Your novel My Big Birkett was your first venture into writing for teenagers. How different is it from children’s writing?
When I was writing My Big Birkett, I wanted teen readers to come away feeling that the fictional town of Buranderry was so close, they could almost smell the hamburgers with the lot, sizzling on the hotplate at Thea’s Milkbar. I soon discovered that this kind of world-building required significant energy and time. I had to develop much greater skill as a writer, at both seeing and capturing fine detail, whilst learning how to weave that more deftly through the action of the story. This was in contrast to my experience of writing picture books and junior fiction, where the responsibility for the setting was largely carried by the illustrator. Despite the differences, writing for children and teenagers certainly holds much in common, including the importance of creating vivid characters, with fiercely true, compelling voices.
Do you test out your writing on your own children, or on other young people in your life?
I certainly have shared some of my stories with my three boys over the years but I don’t believe that sharing with young people is the critical factor. I think it’s more important that writers learn how to harness their own memories of what it was like to be a child, alongside the consistent sharpening of their powers of observation.

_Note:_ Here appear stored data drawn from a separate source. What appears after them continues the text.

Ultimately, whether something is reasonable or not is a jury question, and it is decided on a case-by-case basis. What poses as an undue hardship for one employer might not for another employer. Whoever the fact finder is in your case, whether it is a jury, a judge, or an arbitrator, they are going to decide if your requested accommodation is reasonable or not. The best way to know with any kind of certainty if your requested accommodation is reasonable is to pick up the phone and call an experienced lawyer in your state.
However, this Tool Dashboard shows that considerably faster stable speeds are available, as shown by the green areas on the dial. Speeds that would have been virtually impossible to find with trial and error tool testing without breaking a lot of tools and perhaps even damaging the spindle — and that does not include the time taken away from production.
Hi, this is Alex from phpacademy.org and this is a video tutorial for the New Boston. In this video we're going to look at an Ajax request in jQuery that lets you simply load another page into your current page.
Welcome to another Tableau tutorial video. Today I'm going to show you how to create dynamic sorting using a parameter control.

Most of my stories have come out of an intricate collision of memory and observation, including my most recent picture book Hark, It’s Me, Ruby Lee! (ill. Binny Talib.) This book features a small lively girl, who is desperate to be chosen as the classroom messenger but who is constantly defeated by her own overactive imagination. The idea for this story came out of a school visit, where I saw a small girl fail to deliver a message for her teacher-librarian, in spectacular fashion.

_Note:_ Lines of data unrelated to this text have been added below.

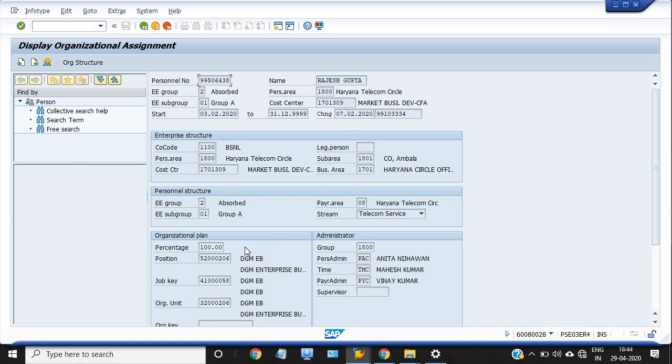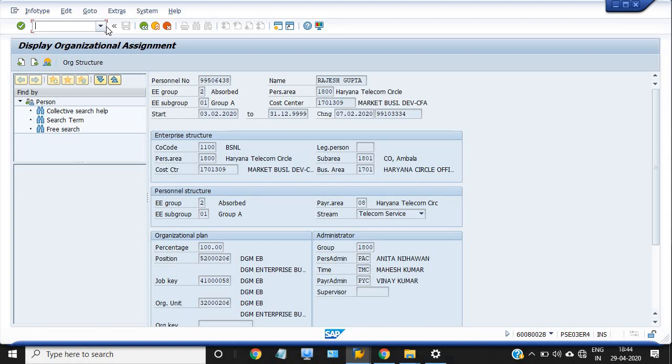Thank you so much for watching this video. And one more thing I want to include - how to check the roles on any particular position. I do not have the roles and authorization to check the roles on the position, but HR admin and few group A officers have such type of roles who can check these things. What are the roles on the particular position? The transaction code available in SAP is PO13D.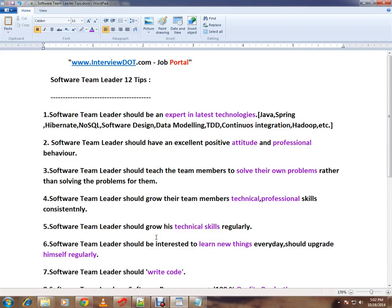Hi friends, this is BDS from intubi.com at Java Portal. In this video I'm going to share software team leader 12 tips.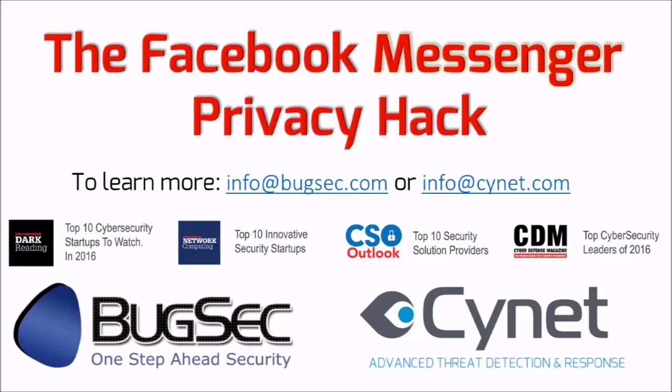To learn more, email info at bugsec.com or info at cynet.com.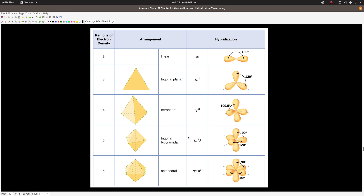This table is basically everything you need to know about hybridization theory in one picture. Count the electron groups — called electron density in the table, same thing — where a lone pair or any bond (single, double, or triple) counts as one electron group. Two electron groups: SP hybridized, 180 degrees. Three electron groups: SP2, 120 degrees, trigonal planar. Four electron groups: SP3, 109.5 degrees, tetrahedral. Five electron groups: SP3D, trigonal bipyramidal, 90 and 120 degrees. Six electron groups: SP3D2, octahedral, 90 and 180 degrees.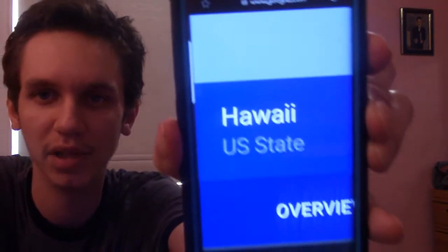Alaska is a state located in the northwest extremity of the United States — did not know that. And then when they said Hawaii, I looked it up thinking there's no way that's a state, that's a country to me. And sure enough it came up: Hawaii is a state of the United States located in the Pacific Ocean. I swear I thought that was its own country.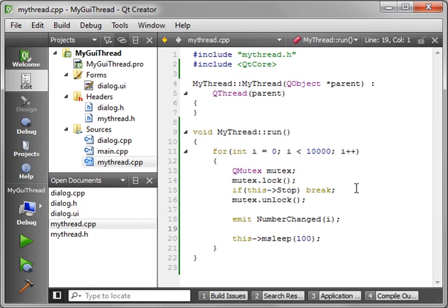You just use the standard signal-slot mechanism which you've grown to love and learn. Alright, this is Brian. I'm running out of time. I hope you found this video educational and entertaining. And thank you for watching.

That little moment sparked an emotional pinprick—the memory of my own childhood desperation to please in the classroom and the hot fizz of shame when it all went pear-shaped. The pang I felt for that little girl lingered for some years, until I finally wrote a story where the goodness of an overactive imagination was roundly vindicated in the final pages.
Lisa Shanahan is an internationally published writer of picture books and fiction for young people. Her novel for teenagers, My Big Birkett was published to critical acclaim in Australia, where it was shortlisted for the 2007 CBCA Book of the Year for Older Readers and in the United States, where it was a 2008 New York Public Library Best Book for the Teen Age.